_Exercise aim:_ From the records below, please repeat exactly the line that has "An exterior view", the line that has "a large white", and every line between them, and nothing else.

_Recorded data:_

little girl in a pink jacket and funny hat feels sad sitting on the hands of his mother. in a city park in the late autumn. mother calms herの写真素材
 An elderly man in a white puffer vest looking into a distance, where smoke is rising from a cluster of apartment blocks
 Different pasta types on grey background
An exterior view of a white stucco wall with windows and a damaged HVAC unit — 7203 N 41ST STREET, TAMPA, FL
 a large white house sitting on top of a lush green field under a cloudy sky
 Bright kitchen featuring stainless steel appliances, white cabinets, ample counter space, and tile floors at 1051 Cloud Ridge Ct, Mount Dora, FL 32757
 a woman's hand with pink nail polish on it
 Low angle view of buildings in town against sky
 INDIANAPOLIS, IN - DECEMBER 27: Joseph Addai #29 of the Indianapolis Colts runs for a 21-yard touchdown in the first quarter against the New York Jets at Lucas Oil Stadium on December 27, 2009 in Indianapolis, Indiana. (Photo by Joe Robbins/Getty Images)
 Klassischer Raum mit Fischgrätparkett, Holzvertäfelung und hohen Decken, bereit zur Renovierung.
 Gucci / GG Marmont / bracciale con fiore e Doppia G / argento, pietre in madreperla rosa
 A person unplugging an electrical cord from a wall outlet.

_Result for this task:_
An exterior view of a white stucco wall with windows and a damaged HVAC unit — 7203 N 41ST STREET, TAMPA, FL
 a large white house sitting on top of a lush green field under a cloudy sky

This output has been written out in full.